We know about ridesharing, supper clubs, and pizza. Now, innovation is disrupting the flower industry. Say hello to entrepreneurs who are changing the way we express our feelings to our love interests, decorate our spaces, or cheer up an ailing loved one by creating flowers on demand.
Typically, around Valentine’s Day, milestone events such as birthdays or anniversaries, or for funerals, we seek out flower distributors. Whether it’s a dozen roses for an important date or a get well soon bouquet, Americans spend big on flowers. According to the National Retail Federation, Americans will spend $2.1 billion on flowers for Valentine’s Day alone – making the flower industry a multi-billion industry.
Yet, a few customers who were frustrated by the long waits, expensive costs, and impersonal nature of online flower buying, are bypassing the process and have started their own floral delivery services that tap into technology and local distribution means to create a new, custom delivery service for your flower needs.
Last February, a Washington, D.C.-based company called UrbanStems burst onto the scene after New Yorker Ajay Kori unsuccessfully tried to send his girlfriend in Philadelphia a bouquet of flowers for her birthday. When the flowers never arrived, he teamed up with a friend to create an online, on-demand flower service. They source flowers all the way from Ecuador and Colombia and deliver bouquets to the Washington D.C.-area and now New York City at a lower price than online competitors.
The Washington Post tells the story of UrbanStems and explains how it works. In short, users can pick a bouquet, pay for it, write a personal note, and choose a delivery time of one-hour, two-hours or 24-hours. Working with bike couriers from Urban Delivery — a New York-based start-up that provides same-day delivery services for other start-ups – couriers shuttle the bouquets from the warehouse to their intended recipients, texting a photo of the bouquet after delivery for confirmation.
This is a big disruption to the flower delivery industry, but even in this new world of on-demand flowers, there is new competition.
Recently, 27-year-old female entrepreneur from New York Kate Gilman left her law firm job to start Petal by Pedal which delivers fresh flowers from farmer’s markets in a mason jar.
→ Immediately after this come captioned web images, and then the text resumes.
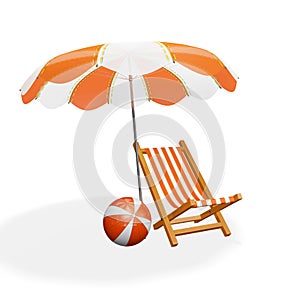 Orange White Beach Lounger Parasol and Ball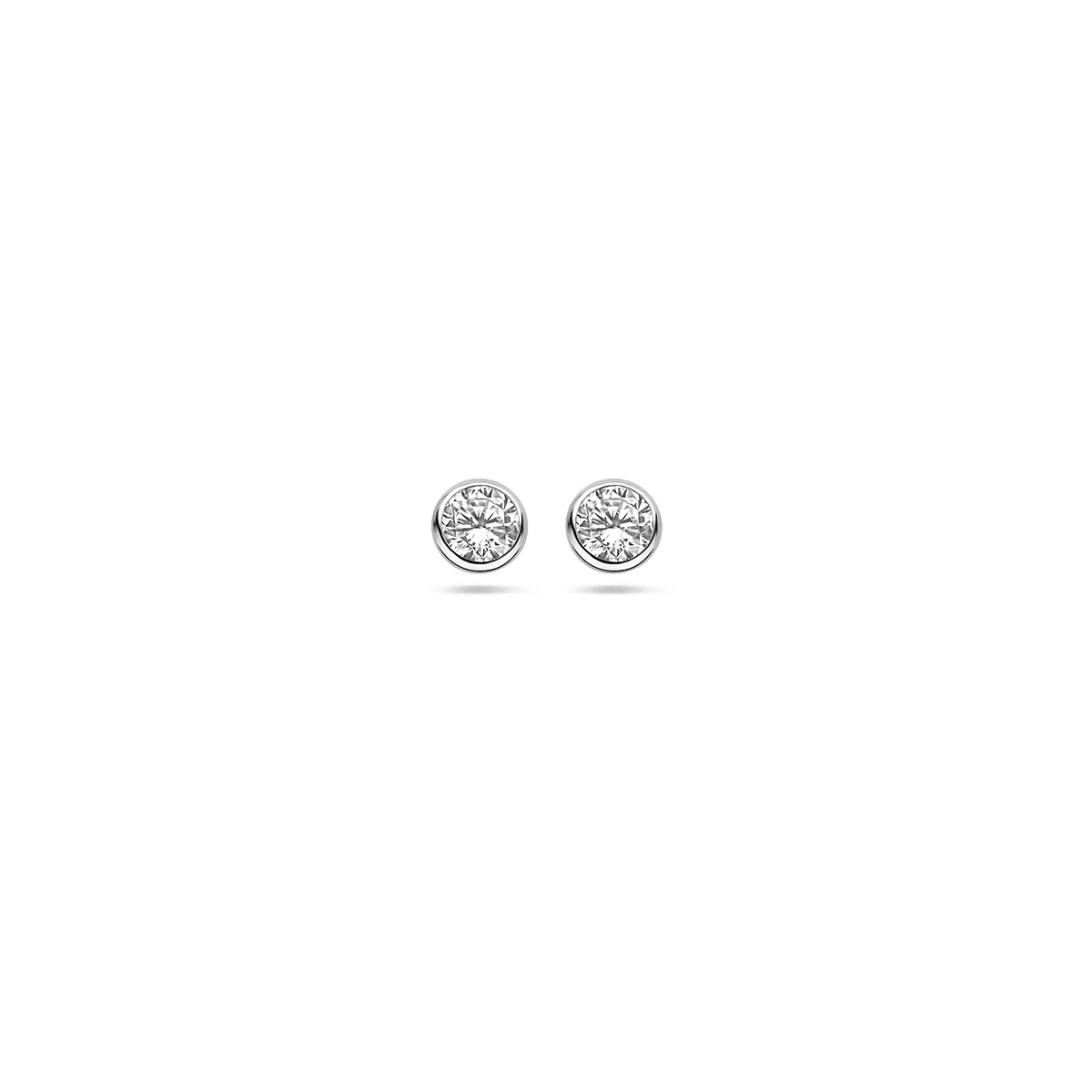 oorknoppen zirkonia 14K witgoud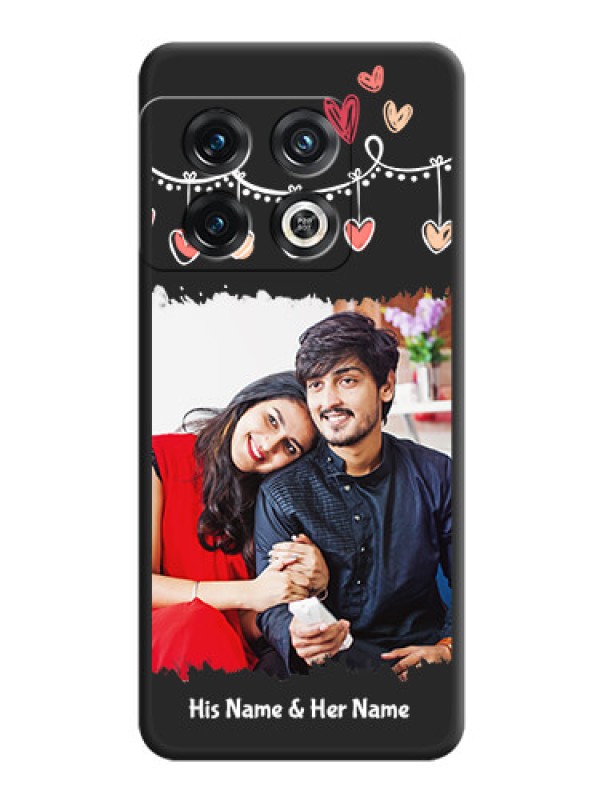 Custom Pink Love Hangings with Name on Space Black Custom Soft Matte Phone Cases - OnePlus 10 Pro 5G
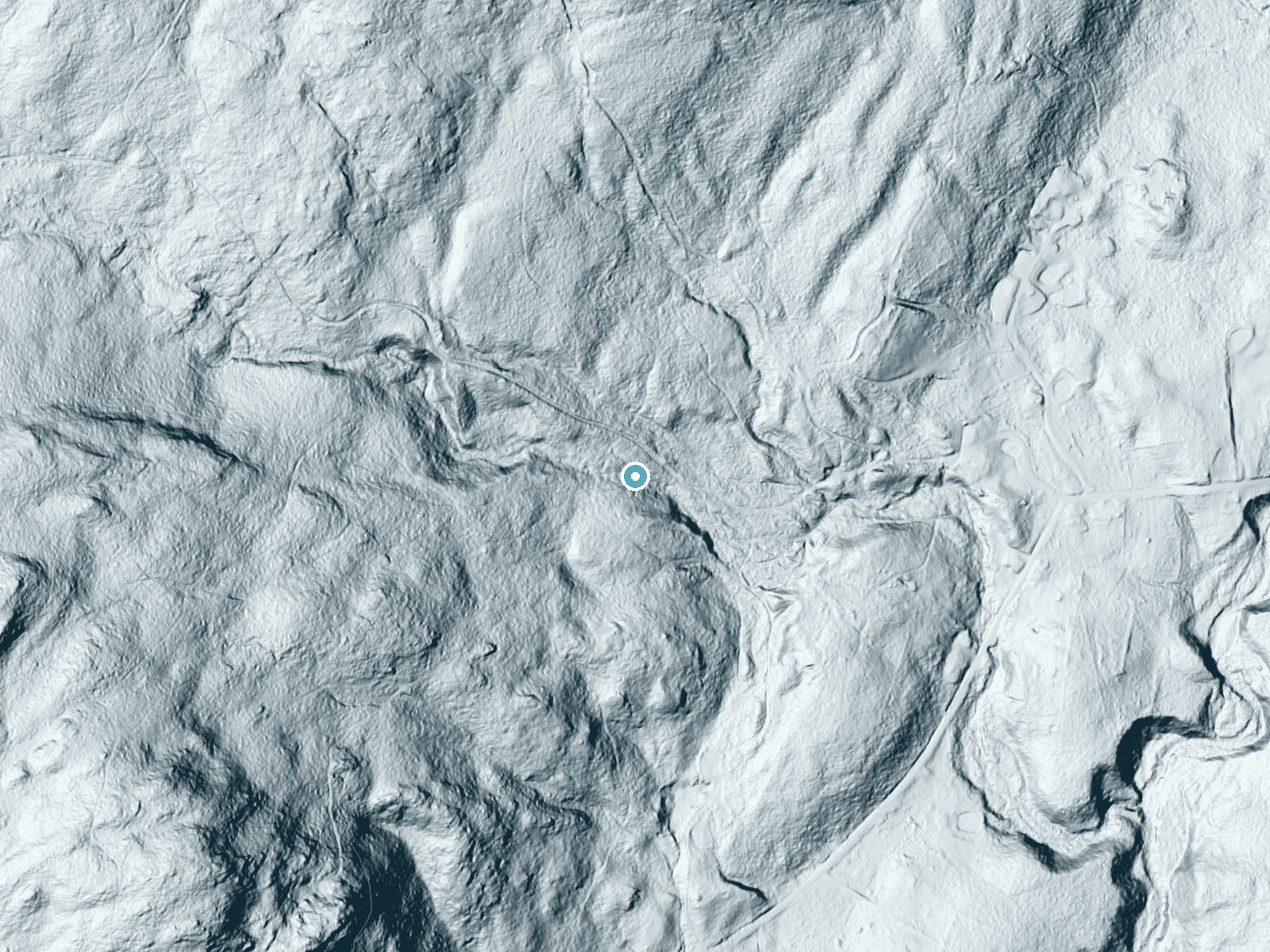 LiDAR bare-earth terrain around Buttermilk Falls near Gloversville, New York, showing about 86 feet of drop, a long cascade, facing east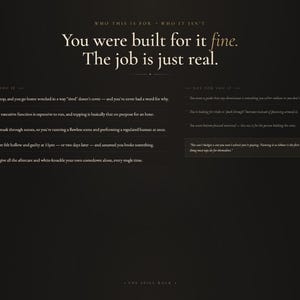 May include: A dark-themed informational graphic with white text titled Who This Is For - Who It Isn't. The main heading reads You were built for it fine. The job is just real. It lists five points for the reader and three points for those it is not for.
Gilman and her staff of two work with a small fleet of independent bike deliverymen to deliver the individually made bouquets.
Calling it a flower concierge service, New York Daily News captures the battle of same-day floral delivery services:
"I loved the simplicity of buying a bundle of flowers at the farmer's market," but hated the heartless experience of buying online,” said Gilman, 27.
The Greenwich Village resident took that idea and ran with it, sourcing her blooms from New York City and Upstate farmers.
"We want to be a service that is your flower concierge," she said.
That model has blossomed for Gilman, who has corporate partnerships with lifestyle brands like designer Rebecca Minkoff and LUSH Spa.
"It's really a dynamic thing to be a part of, especially in a place like New York City, where it's really hard to notice little kindnesses,” said Gilman.
“There's always emotion in how people get flowers."
This is exciting because we’re seeing another sphere for disruption and innovation in the marketplace. When online ordering came into vogue, brick-and-mortar companies were turned upside down. Customers were limited to the hours of operation and whims of store owners. Barely a generation later, we’re seeing how the marketplace is responding to the heretofore impersonal nature of buying online.
The results are new options for consumers. It’s a beautiful thing to watch free enterprise and entrepreneurship flourish.
The only hindrance that can throw a monkey wrench into this industry is government regulation. Often this regulation is driven by established companies that don’t want completion and which have gained marketshare; secured protections in the law by lobbying their local, state and federal lawmakers; and made the rules for all to abide by.
As we've seen by the desperate responses of cab drivers to Lyft and Uber, many traditional companies have no idea how to respond to innovation—perhaps because they stopped innovating so long ago. Instead they protest and lobby lawmakers and regulators for short term victories. Innovation wins in the long run though.
So far so good in the flower world. Competition usually leads to two behaviors: more innovation or retrenchment. Let’s hope we see more of the former and none of the latter.